A relapsing encephalopathy occurs in association with autoimmune (Hashimoto's or Ord's thyroiditis), with high titers of antithyroid antibodies. Clinically, the condition may present one or more symptoms. Onset is often gradual and may go unnoticed by the patient and close associates to the patients. Symptoms sometimes resolve themselves within days to weeks, leaving a patient undiagnosed. For many other patients, the condition may result in ongoing problems with a variety of manifestations, often confusing clinicians due to the diffuse nature of symptoms.

=== Differential diagnosis ===

- Alzheimer's disease
- Cerebrovascular accidents (stroke)
- Creutzfeldt–Jakob disease
- Epilepsy
- Migraine (including basilar, hemiplegic, and retinal types)
- Other forms of autoimmune encephalitis, including forms of limbic encephalitis such as anti-NMDA receptor encephalitis
- Schizophrenia
- Spontaneous cerebrospinal fluid leak
- Viral encephalitis
- Transient ischemic attack

== Treatment ==

Because most patients respond to corticosteroids or immunosuppressant treatment, this condition is now also referred to as steroid-responsive encephalopathy.

Initial treatment is usually with oral prednisone (50–150 mg/day) or high-dose intravenous methylprednisolone (1 g/day) for 3–7 days. Thyroid hormone treatment is also included if required. Failure of some patients to respond to this first-line treatment has produced a variety of alternative treatments, including azathioprine, cyclophosphamide, chloroquine, methotrexate, periodic intravenous immunoglobulin, and plasma exchange. No controlled trials have been conducted, so the optimal treatment is not known.

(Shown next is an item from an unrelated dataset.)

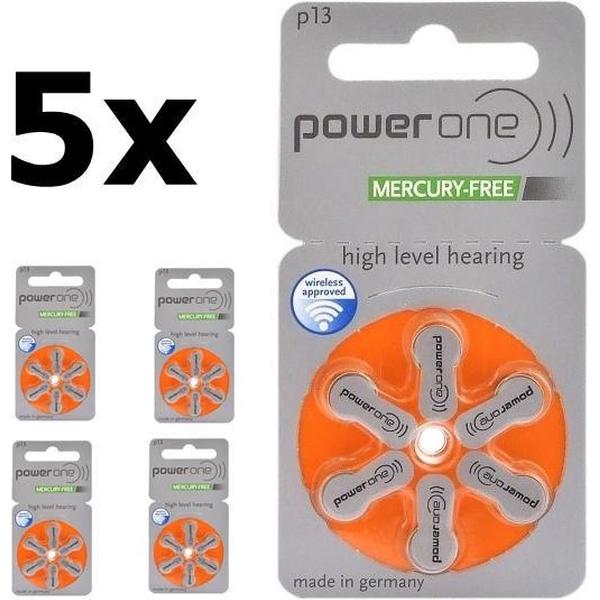 30 Stuks - Power One by Varta 13 / PR48 / P13 1,45V Gehoorapparaat batterijen - Kwikvrij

Seizures, if present, are controlled with typical antiepileptic agents.

== Prognosis ==

Duration of treatment is usually between 2 and 25 years. Earlier reports suggested that 90% of cases stay in remission after discontinuation of treatment, but this is at odds with more recent studies, which suggest that relapse commonly occurs after initial high-dose steroid treatment. Left untreated, this condition can result in coma and death.

== Epidemiology ==

The prevalence has been estimated to be 2.1/100,000 with a male-to-female ratio of 1:4. The mean age of onset is 44 with 20% of cases presenting before the age of 18 years. Most reported cases occur during the patient's fifth decade of life.

== History ==

The first case of HE was described by Brain et al. in 1966. The patient was a 48-year-old man with hypothyroidism, multiple episodes of encephalopathy, stroke-like symptoms, and Hashimoto's thyroiditis confirmed by elevated antithyroid antibodies.